Fundamentally it seems that the Labour party will always get the leader that the right wing press find the most acceptable.
As a Labour party member, I voted for Corbyn, because I could never in good conscience vote for anyone who sat on their hands whilst the Tories pushed through their hideous welfare bill. Not a perfect man by any means, but a fucking lot better than the Tory apologists who were scared of their own shadows at the time and allowed a remarkably cruel and unnecessary austerity regime to flourish unchallenged.
For all of his faults, Corbyn actually provided a genuine voice of opposition for a while, and showed the Tories for what they were.
I then voted for Starmer, because he seemed a relatively honest man with less baggage for the press to dig up, and whose pledges seemed like a decent compromise between the right and left of the party.

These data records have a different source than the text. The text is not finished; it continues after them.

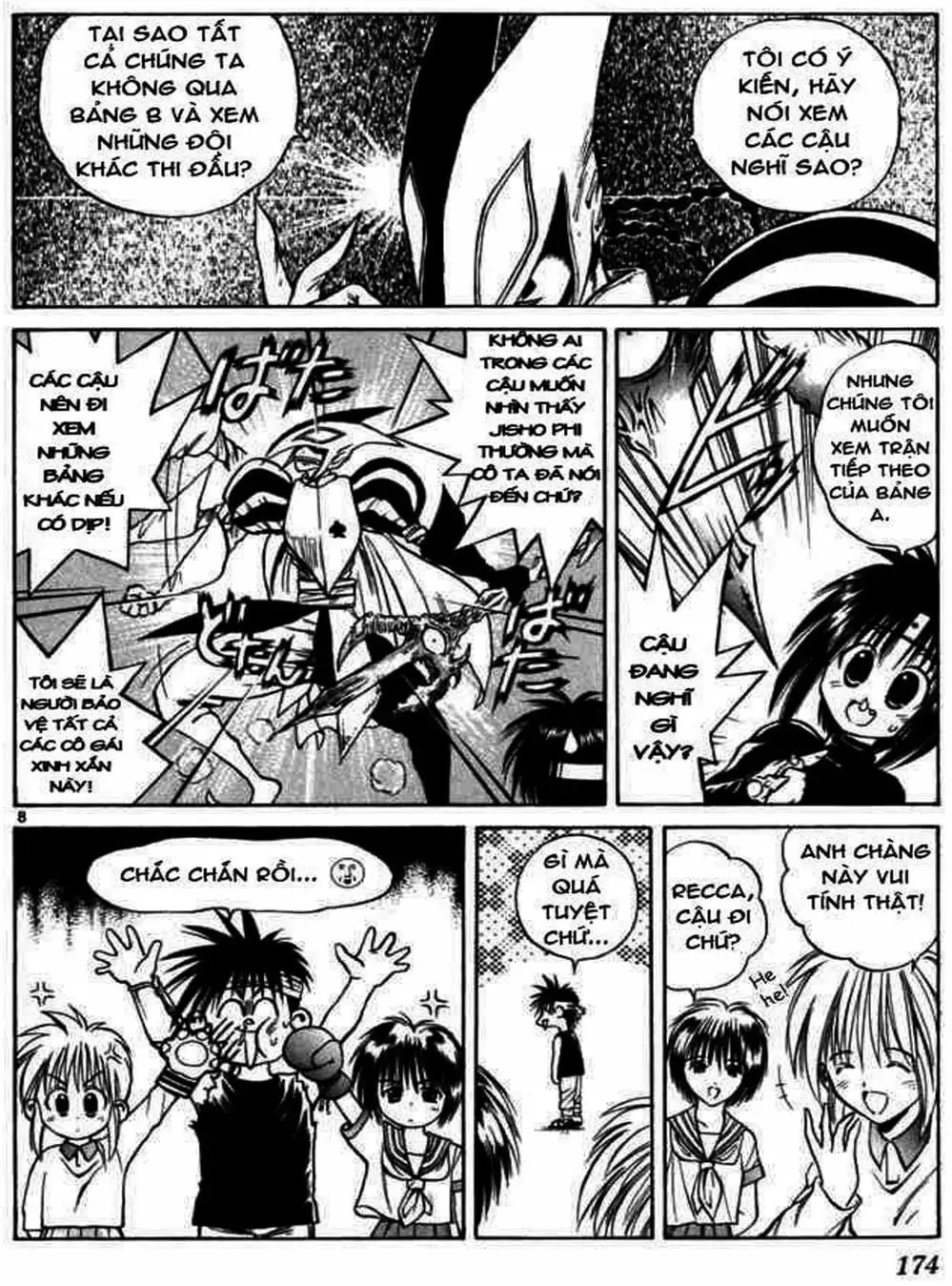 Truyện Tranh Ngọn Lửa Recca - Flame Of Recca trang 9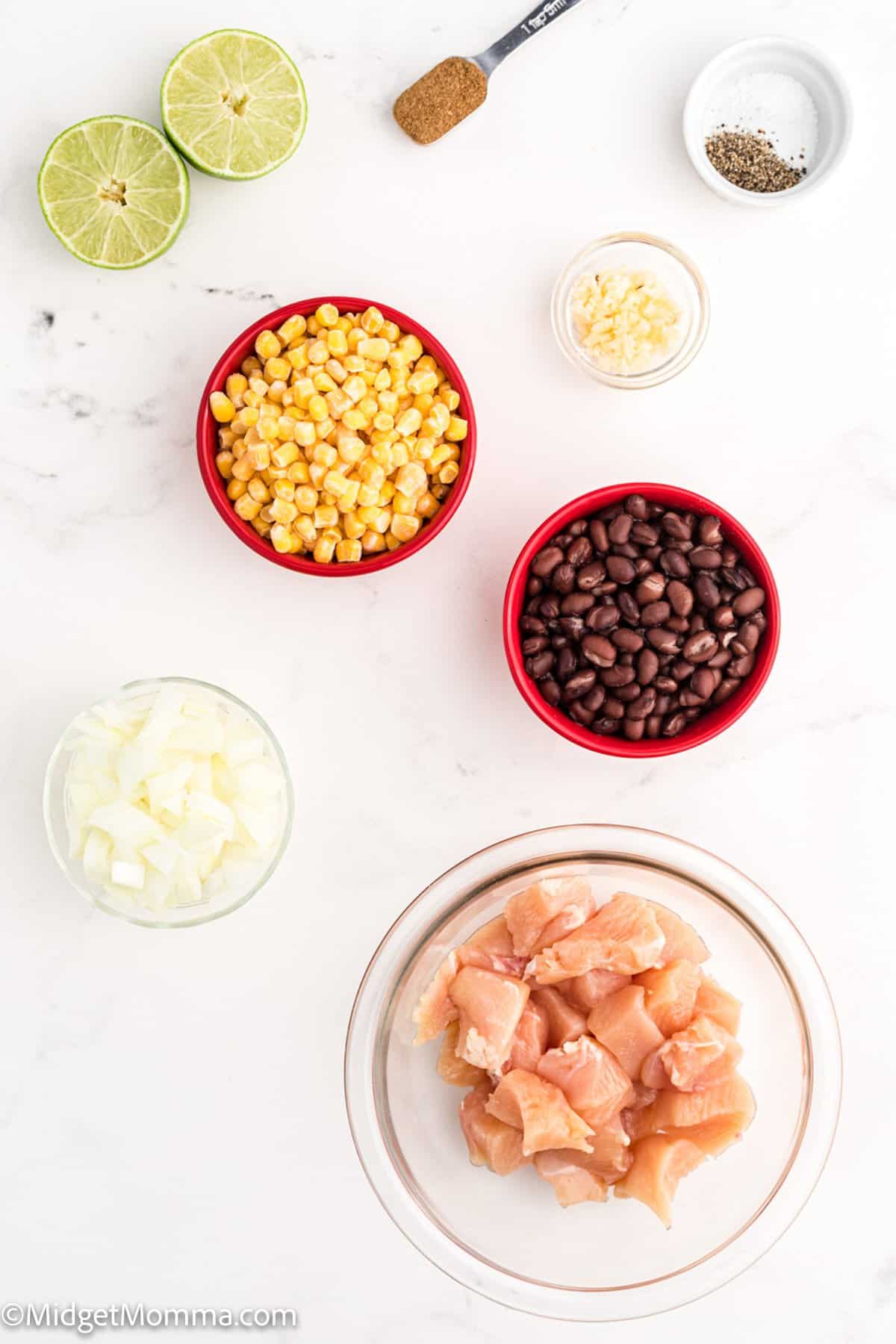 Slow Cooker Mexican Chicken and Rice ingredients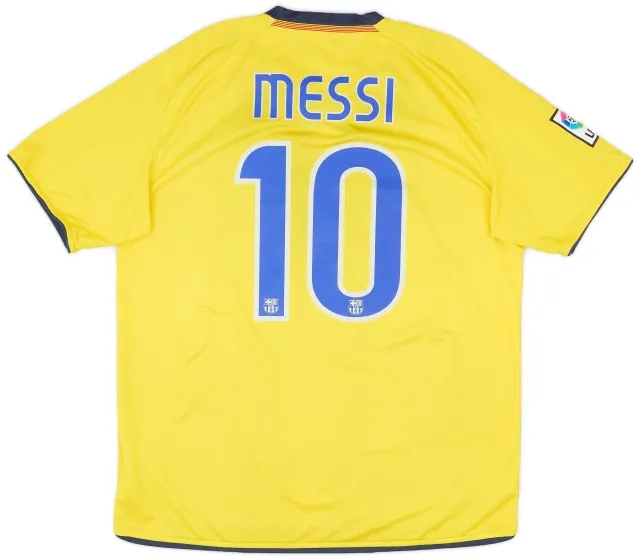 Nike 2008-10 Barcelona Away Shirt Messi #10 - 6/10 - (L)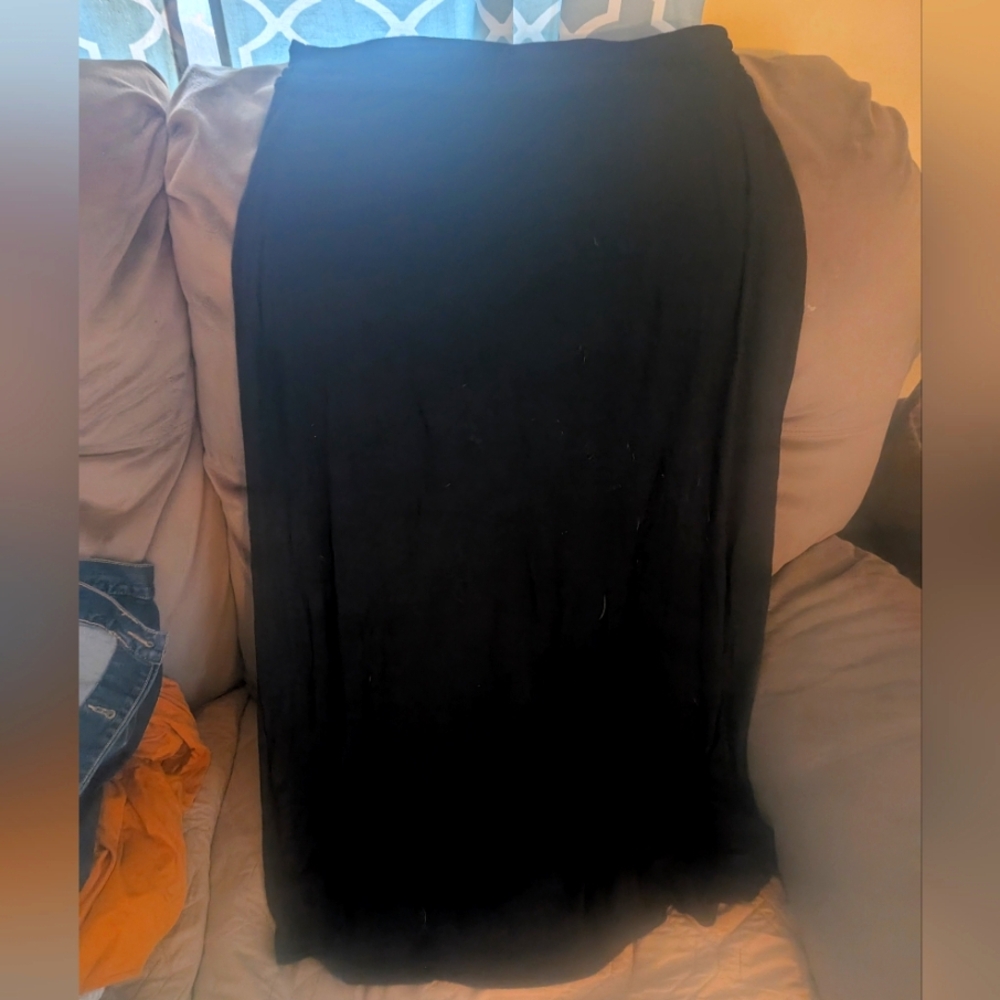 Black Stretch skirt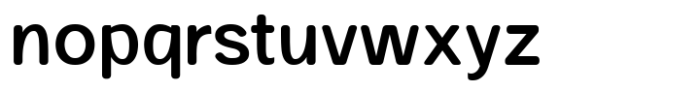 SK Selanik Rounded Semi Bold Font LOWERCASE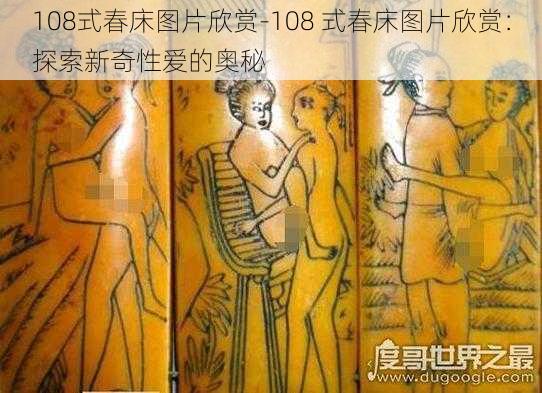 108式春床图片欣赏-108 式春床图片欣赏：探索新奇性爱的奥秘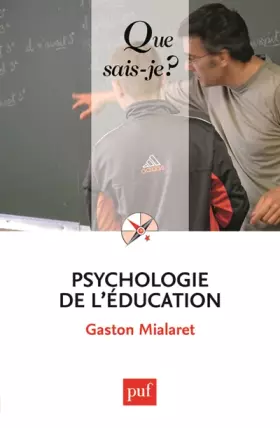 Couverture du produit · Psychologie de l'éducation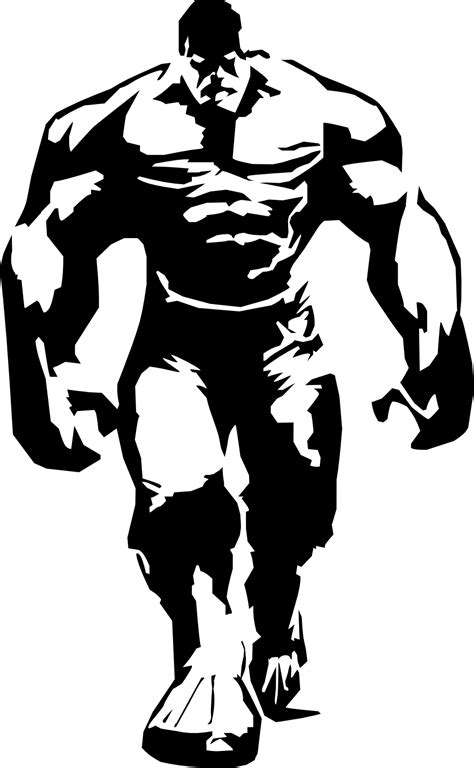 Silueta Logo Hulk Vector Nuryadi Ardi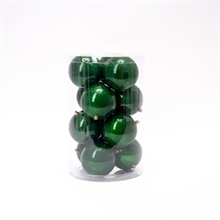 PALLINE DI NATALE VERDE FORESTA 10CM 12PZ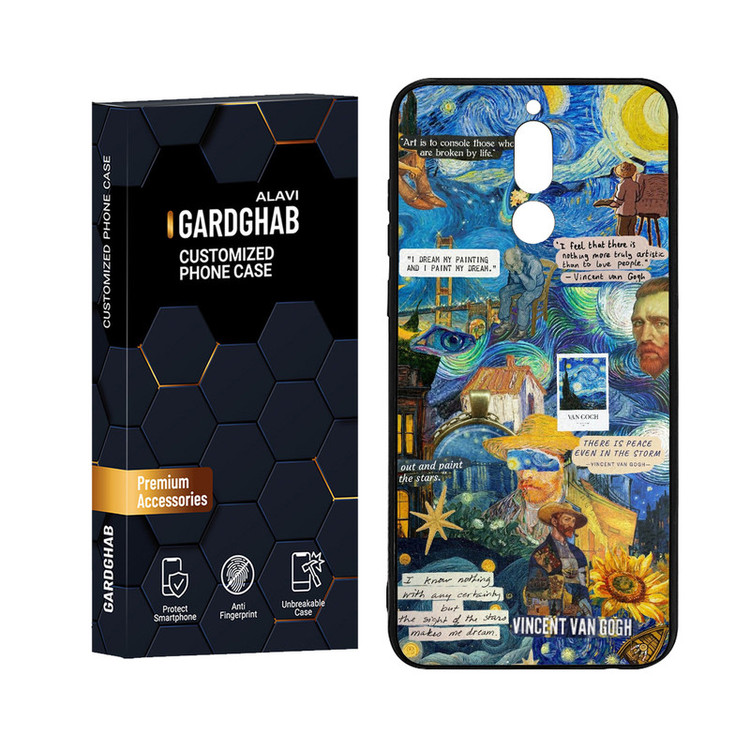 کاور گارد قاب علوی مدل Glass مناسب برای گوشی موبایل هواوی Mate 10 Lite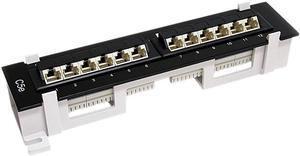 StarTech.com PANEL4512 1U 12 Port Rackmount Cat5e 110 Patch Panel - 45 Degree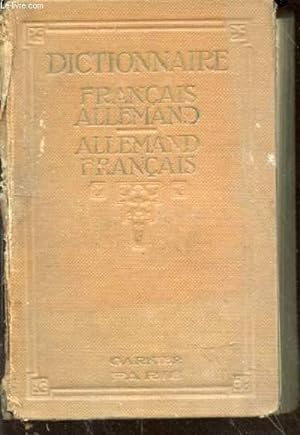 Nouveau dictionnaire français-allemand et allemand-français du langage littéraire, commercial sci...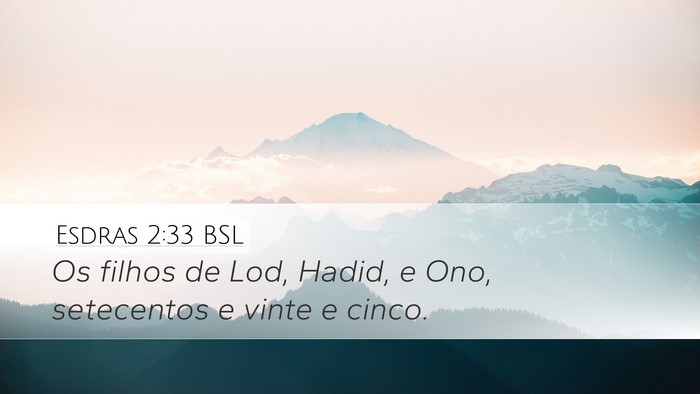 Esdras 2:33 BSL Bible Verse Image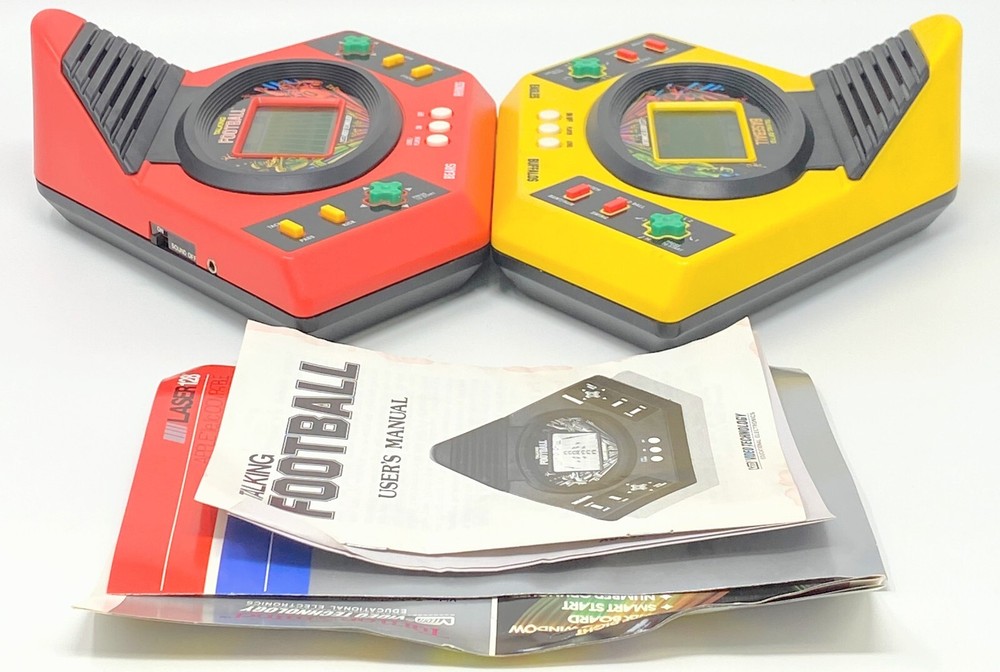 Electronic Handheld Play-By-Play Systems Duo Baseball + Football TESTED WORKING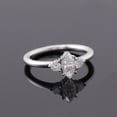 thumbnail image 3 of Oryn Jewelry 14K White Gold Plated Rings - 1.6 Ct Moissanite Marquise Cut Moissanite Rings - Women’s Engagement Promise Ring - 3 Stone Wedding Rings - Everyday Ring for Casual Wear, 3 of 5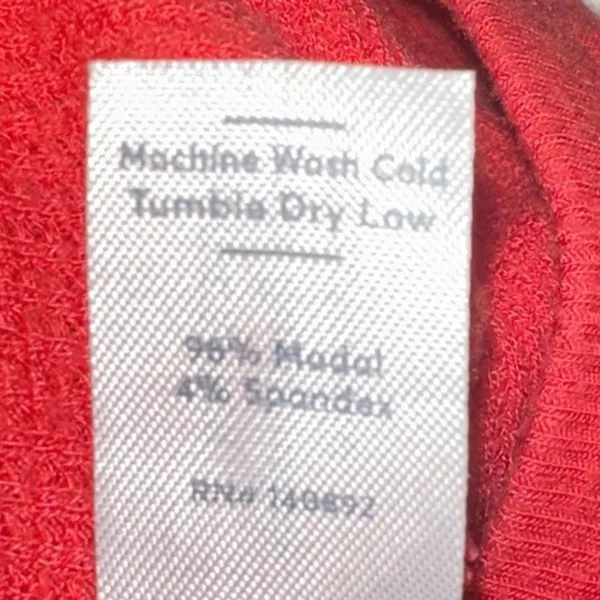 Marine Layer Lounge Pants Small Salmon Drawstring Waffle Wide‎ Leg Casual - Image 4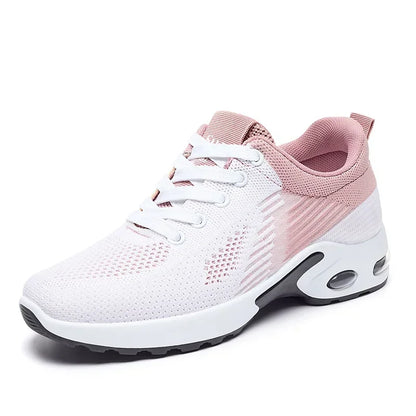 Leichte Damen-Laufschuhe mit atmungsaktivem Mesh & Air-Cushion-Sohle – bequem, schnelltrocknend und ideal für Sport, Training oder Alltag.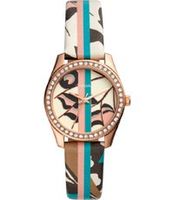 Horlogeband Fossil ES4609 Leder Multicolor 16mm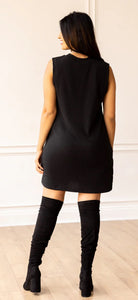 Bare Elegance Black Sleeveless Sweater Dress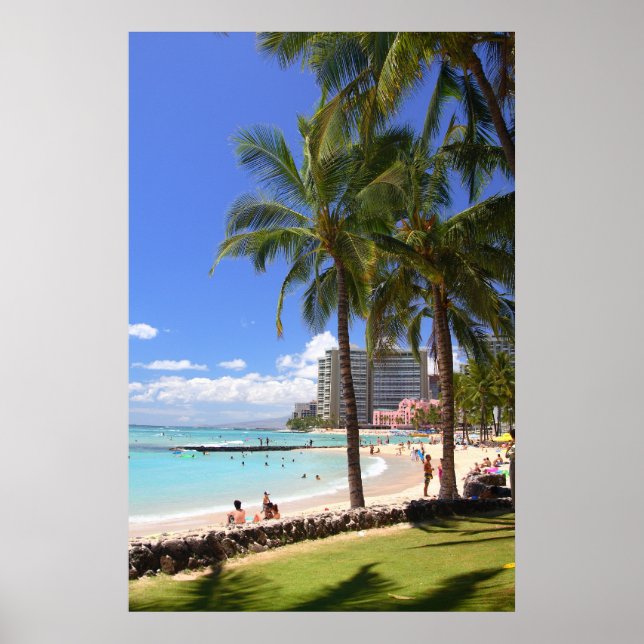 Poster praia Waikiki 2 (Frente)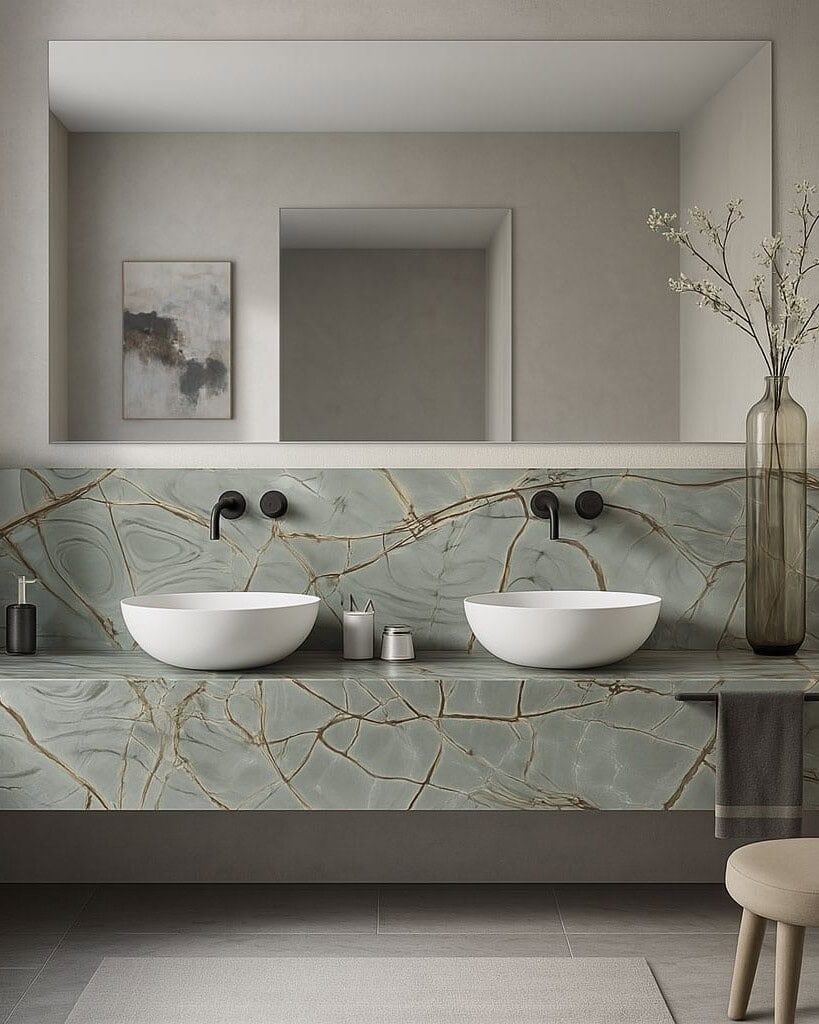 Blu Roma Quartzite Bathroom Vanity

Keir Starmer is a husband, father, and former lawyer who has fought for fairness his whole working life. He is now Labour Party leader.
keirstarmer.com
Turns out though that he's not a honest man, and he's been more focussed on purging the party of anyone who ever supported Corbyn or who remains awkwardly left-wing. Awkward in the sense that they'd like him to stick to his original pledges, which he himself has seemingly abandoned.
I'm not a member of the Labour Party any more. I'll vote for Labour in the next election because they will obviously be better for the country than the Tories, but that's about all they will be. Slightly better, but still far too scared of the Daily Mail to do anything transformative or that might energise people (especially young people) into taking an interest in politics.